- Exercise data -
------------------------------------------------------------------------

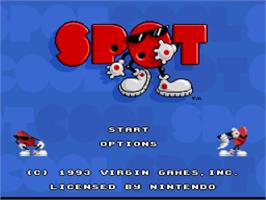 Title screen of Cool Spot on the Nintendo SNES.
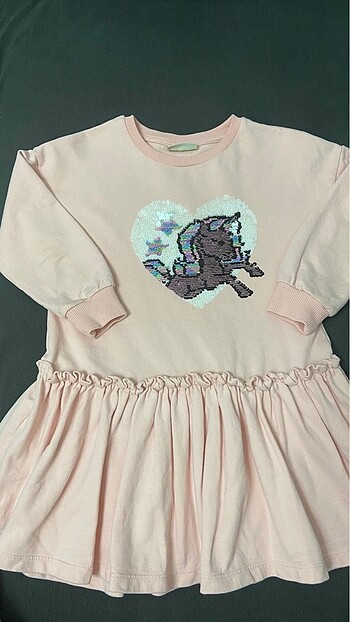 LCW çift taraf payetli kız çocuk elbise - Görsel 6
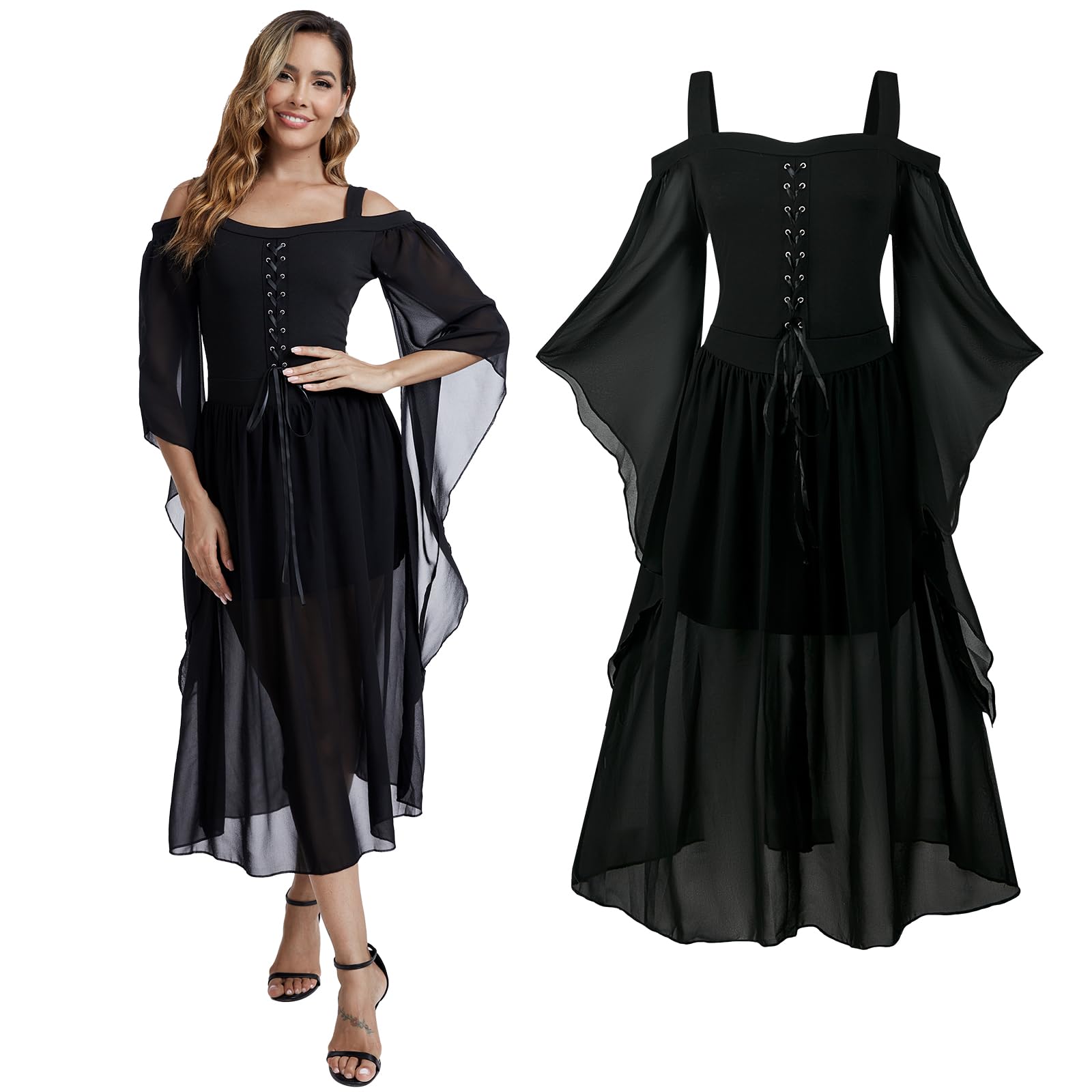 Medieval Costume Dress for Women - Renaissance Gothic Gown with Trumpet Sleeves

------------------------------------------------------------------------

Return an exact transcription of the material, with its pictures left out.

 Title screen of Cool Spot on the Nintendo SNES.
 LCW çift taraf payetli kız çocuk elbise - Görsel 6
 Medieval Costume Dress for Women - Renaissance Gothic Gown with Trumpet Sleeves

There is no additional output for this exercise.